I look back at this moment and laugh. I laugh a lot. Now that I’ve been using JavaScript just about daily for the last 6 months or so, I looked back at the complexity of what they were attempting to teach (poorly I might add), and realized that it wasn’t me. I’m going to start drawing parallels to music now, because there is an incredible amount of similarities between music and programming.

Imagine for a second that you’re learning a brand instrument. You have never picked it up before in your life and while you’ve made a sound on a kazoo before just by blowing air, or maybe whistled or hummed, you’ve never read music. So you watch a few 8 minute videos of someone playing this instrument (say me with 20+ years of experience), the concepts on how to read music, and how to apply the reading notes to the instrument. Ok now 30 minutes later go ahead and read and record this piece of music for me on this new instrument you just picked up. How do you think you would do? How confident would you feel?

This is one of the many parallels I’m able to draw between music and programming. Learning a language takes time. Learning a language takes practice, and it most definitely does not come overnight. One thing I used to tell my young students when they would take private lessons with me is that if you practice 2 hours a week, you will be amazed at the progress you will see. I don’t mean an hour on one day and an hour on another: 20 minutes a day, every day. You start to develop fundamentals that become second-nature, things you don’t have to think about. This for me is directly connected to syntax with a programming language.

I look back at the last 6 months of my journey and I thank my musical experiences and disciplines. They have allowed me to focus and get serious about developing programming skills. Don’t get me wrong, I in no way programmed 20 minutes a day every day for the last 6 months. That was a very healthy goal, and where I did try to code every day, there were sometimes 3-5 days at a time where I did nothing. I have to remember to forgive myself for that. It’s important to listen to your body and emotions and take breaks when you need to.

This is where my anxiety kicks in. This is where the “I’m super excited, but terrified” feelings begin to surface. Up until now I could code at my leisure, take breaks when I wanted and stop when I wanted to.

I’m all in now.

Tomorrow I start a 16-week intensive bootcamp. This was a calculated choice on my part, because I knew I wanted guided instruction to build healthy habits. Rithm School was the obvious choice due to their small class sizes and overall feelings about helping others and the community. Reflecting on my college years I realized I always thrived in my smaller classes, and had particularly low grades in classes with large lecture halls of 100+. I wanted one-on-one instruction and direct feedback; an environment that mostly reflected my experiences with studying music.

Here is where the waterfall of feelings comes in, and the inner dialogue of death that I feel isn’t talked about enough: “What if I can’t do it?” “What if it’s too much? “What if I’m terrible at it?” “This is expensive, what if I can’t get a job?” “Am I too late? Is the market over-saturated?” “What if I get burned out?” “What happens if I finish and I decide it’s not for me?”

Although I feel most of the things above, the prevailing feeling is excitement. When I look ahead to having the financial stability I crave, and the work-life balance I crave, a little bit of anxiety seems like a small price to pay.

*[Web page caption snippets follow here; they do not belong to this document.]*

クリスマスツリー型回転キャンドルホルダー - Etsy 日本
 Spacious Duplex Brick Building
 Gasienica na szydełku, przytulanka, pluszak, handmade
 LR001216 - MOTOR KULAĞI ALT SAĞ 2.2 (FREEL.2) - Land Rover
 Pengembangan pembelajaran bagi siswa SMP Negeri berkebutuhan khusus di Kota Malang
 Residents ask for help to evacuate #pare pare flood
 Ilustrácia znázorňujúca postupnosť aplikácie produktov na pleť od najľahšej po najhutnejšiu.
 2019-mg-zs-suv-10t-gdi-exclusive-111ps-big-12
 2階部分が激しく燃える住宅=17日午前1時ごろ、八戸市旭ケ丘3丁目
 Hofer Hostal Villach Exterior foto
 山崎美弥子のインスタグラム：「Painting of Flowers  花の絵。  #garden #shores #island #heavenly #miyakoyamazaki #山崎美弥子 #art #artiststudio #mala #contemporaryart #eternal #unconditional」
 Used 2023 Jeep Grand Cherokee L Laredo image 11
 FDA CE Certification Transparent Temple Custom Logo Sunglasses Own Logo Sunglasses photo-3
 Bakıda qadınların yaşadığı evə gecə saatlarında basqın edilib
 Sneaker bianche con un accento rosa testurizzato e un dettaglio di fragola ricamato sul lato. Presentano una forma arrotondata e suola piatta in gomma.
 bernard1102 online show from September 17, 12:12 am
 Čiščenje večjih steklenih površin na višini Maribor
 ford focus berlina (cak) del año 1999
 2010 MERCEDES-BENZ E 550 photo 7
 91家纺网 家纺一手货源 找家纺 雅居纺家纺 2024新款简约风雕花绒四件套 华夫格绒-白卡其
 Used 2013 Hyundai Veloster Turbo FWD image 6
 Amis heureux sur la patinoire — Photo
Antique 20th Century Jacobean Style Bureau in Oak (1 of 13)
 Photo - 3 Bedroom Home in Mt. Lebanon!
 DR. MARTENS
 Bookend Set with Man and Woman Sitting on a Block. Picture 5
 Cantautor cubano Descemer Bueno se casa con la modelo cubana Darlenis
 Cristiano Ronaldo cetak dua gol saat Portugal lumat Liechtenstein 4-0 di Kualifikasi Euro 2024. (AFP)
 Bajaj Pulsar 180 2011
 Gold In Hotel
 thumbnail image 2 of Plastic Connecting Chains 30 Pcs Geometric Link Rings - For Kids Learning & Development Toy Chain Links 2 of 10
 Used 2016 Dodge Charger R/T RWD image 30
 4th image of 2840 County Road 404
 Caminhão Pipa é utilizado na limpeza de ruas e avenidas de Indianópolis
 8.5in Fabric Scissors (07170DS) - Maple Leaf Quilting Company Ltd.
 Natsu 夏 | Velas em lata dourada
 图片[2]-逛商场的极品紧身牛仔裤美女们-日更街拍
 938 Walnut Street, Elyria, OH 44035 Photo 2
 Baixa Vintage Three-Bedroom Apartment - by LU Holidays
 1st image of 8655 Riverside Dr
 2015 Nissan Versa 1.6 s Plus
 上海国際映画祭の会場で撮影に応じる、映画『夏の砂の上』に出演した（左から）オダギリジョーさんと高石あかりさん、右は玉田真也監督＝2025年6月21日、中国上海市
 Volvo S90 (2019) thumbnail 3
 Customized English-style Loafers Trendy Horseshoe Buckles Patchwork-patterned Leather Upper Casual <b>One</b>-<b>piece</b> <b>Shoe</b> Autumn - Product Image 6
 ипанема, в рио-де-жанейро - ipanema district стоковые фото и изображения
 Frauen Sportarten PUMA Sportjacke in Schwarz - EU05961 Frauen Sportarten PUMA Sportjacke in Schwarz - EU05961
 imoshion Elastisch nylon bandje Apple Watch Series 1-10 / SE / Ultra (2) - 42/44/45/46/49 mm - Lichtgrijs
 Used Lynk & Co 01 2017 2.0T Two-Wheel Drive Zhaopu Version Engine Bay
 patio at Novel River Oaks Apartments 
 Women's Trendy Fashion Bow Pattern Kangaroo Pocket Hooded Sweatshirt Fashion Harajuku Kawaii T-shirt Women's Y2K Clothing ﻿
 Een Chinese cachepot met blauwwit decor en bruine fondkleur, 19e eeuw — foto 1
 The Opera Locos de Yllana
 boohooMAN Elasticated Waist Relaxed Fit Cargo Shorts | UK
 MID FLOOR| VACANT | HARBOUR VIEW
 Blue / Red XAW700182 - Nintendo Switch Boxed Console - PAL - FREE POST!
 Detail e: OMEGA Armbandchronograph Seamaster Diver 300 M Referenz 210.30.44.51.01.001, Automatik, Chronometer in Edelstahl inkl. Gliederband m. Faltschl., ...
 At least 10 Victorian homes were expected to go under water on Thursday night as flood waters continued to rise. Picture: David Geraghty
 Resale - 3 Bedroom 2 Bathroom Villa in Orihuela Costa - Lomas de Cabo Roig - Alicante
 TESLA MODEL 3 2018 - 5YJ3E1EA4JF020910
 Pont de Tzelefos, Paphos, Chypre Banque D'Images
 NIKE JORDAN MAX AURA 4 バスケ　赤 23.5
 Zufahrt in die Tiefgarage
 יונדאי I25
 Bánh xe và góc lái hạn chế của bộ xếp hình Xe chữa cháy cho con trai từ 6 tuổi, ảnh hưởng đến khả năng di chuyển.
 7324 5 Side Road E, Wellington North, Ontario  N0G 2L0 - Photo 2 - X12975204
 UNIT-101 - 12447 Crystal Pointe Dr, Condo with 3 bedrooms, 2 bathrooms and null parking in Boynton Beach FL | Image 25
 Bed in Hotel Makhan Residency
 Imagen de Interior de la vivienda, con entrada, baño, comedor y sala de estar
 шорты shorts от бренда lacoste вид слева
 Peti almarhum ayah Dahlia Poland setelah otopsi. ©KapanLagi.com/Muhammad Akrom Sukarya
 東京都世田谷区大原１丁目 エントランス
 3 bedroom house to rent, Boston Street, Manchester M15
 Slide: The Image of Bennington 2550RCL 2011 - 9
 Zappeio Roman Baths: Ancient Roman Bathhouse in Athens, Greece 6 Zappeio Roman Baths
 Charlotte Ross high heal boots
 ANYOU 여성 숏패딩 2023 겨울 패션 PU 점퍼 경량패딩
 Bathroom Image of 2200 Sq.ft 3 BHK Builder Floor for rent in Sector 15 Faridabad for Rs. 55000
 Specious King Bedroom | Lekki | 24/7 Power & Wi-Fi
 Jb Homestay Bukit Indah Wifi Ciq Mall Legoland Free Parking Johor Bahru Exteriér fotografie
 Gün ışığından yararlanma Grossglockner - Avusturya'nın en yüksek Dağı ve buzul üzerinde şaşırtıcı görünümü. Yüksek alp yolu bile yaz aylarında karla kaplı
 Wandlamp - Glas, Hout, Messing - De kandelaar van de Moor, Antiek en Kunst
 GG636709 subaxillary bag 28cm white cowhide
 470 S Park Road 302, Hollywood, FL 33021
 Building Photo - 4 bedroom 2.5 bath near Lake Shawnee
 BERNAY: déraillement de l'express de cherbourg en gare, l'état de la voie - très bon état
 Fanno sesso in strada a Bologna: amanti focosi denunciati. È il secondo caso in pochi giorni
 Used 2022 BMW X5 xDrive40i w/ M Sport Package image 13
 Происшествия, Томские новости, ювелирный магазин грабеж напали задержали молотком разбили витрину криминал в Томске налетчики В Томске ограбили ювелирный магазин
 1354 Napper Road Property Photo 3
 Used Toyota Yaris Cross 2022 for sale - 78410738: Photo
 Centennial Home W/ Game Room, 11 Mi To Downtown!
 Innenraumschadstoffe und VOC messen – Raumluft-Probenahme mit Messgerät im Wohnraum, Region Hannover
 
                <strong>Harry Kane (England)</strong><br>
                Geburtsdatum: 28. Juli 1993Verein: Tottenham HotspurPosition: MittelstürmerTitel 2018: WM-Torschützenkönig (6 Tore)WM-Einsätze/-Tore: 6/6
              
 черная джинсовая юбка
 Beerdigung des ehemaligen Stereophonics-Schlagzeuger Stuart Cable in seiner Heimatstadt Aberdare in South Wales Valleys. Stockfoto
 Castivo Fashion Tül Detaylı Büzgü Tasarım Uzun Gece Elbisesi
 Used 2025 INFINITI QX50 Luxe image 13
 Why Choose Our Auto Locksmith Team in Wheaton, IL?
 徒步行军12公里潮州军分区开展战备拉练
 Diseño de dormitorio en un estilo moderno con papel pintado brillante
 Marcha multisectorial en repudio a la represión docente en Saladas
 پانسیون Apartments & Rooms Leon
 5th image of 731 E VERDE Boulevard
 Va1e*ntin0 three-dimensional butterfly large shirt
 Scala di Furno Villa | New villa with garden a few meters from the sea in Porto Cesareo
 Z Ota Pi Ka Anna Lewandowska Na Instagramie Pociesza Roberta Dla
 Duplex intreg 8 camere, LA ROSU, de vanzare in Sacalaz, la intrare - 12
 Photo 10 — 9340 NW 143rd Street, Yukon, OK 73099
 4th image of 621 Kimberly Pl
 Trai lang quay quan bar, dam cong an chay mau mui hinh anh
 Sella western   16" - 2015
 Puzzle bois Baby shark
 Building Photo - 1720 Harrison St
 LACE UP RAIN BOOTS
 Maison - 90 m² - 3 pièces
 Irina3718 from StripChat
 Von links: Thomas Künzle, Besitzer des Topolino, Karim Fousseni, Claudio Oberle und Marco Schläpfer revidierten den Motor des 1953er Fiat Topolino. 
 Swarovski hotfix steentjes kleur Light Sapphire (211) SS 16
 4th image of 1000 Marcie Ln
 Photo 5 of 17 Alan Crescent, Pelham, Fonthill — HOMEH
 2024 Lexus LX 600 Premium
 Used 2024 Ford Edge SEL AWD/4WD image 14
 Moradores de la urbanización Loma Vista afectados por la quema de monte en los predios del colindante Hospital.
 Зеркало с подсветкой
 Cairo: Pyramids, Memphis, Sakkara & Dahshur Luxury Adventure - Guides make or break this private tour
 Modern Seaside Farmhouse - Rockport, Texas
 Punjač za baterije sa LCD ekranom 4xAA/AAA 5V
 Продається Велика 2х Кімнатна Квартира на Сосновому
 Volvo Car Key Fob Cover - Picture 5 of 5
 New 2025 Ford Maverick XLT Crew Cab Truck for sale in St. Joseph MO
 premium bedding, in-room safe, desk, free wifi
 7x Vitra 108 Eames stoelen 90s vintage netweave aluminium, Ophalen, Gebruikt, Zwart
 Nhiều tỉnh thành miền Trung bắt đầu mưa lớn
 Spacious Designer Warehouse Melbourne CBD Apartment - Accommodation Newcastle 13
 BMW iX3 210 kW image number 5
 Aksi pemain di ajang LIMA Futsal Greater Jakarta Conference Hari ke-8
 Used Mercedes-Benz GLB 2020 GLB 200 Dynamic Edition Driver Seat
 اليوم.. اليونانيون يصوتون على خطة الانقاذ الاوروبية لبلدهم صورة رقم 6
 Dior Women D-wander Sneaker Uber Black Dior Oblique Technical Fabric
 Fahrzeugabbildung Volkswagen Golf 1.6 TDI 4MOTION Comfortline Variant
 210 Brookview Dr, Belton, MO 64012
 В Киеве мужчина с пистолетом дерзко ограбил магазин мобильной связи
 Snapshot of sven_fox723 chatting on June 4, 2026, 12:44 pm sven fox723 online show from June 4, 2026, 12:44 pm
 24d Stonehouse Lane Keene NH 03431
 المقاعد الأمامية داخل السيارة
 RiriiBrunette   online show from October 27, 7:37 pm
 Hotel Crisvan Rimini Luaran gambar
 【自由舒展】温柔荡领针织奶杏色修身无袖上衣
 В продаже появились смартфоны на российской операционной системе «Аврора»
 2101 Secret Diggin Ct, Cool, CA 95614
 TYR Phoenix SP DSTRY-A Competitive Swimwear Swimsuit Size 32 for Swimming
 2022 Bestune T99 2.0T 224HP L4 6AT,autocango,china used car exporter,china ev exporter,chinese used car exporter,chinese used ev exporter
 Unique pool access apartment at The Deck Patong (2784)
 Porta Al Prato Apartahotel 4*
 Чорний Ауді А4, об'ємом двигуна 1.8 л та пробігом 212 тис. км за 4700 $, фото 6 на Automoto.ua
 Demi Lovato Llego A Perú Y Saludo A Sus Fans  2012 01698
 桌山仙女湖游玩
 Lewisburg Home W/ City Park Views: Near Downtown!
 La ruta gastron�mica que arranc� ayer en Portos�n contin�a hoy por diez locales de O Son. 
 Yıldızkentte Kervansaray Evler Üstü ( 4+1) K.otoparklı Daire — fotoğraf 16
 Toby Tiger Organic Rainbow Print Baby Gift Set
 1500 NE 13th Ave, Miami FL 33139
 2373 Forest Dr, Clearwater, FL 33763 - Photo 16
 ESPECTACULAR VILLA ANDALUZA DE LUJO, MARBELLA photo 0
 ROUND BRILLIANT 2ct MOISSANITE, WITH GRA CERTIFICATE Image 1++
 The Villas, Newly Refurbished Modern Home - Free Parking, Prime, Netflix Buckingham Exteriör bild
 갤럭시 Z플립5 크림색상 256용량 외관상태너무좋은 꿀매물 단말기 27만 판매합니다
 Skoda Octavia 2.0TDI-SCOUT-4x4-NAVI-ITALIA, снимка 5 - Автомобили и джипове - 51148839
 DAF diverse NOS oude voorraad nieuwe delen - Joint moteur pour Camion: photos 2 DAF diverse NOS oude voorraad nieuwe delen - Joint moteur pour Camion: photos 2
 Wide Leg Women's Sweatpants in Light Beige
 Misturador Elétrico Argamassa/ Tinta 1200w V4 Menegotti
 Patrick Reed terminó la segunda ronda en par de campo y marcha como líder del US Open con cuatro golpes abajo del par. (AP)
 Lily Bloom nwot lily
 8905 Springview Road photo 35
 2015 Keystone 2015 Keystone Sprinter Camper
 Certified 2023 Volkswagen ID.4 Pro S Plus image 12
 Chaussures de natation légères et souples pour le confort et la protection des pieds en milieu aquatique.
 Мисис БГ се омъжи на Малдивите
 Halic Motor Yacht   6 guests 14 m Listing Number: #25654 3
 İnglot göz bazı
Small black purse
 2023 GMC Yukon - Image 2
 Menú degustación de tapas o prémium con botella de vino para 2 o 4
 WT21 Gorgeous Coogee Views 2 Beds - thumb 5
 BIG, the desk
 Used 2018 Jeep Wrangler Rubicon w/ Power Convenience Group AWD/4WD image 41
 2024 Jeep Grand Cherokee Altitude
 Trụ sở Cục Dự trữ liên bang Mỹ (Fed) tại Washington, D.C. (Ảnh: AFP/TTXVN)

It’s comforting to know I am not the only one with all of these feelings. I know there are many programmers out there that are feeling the exact same way right now, or have felt this way before. I think the best way to process these feelings is to talk them through, and reach out. You’re not alone. And wherever you are in your journey, stop, take a step back, and look at exactly what you’ve accomplished up until this point. You’ll be amazed at how all of the feelings of dread go away when you start to reflect positively on your accomplishments. Measure your successes in months, or maybe weeks, not days. This is a marathon, not a sprint.

Give yourself permission to fail. You’re not supposed to be great at it yet, that’s why you’re learning.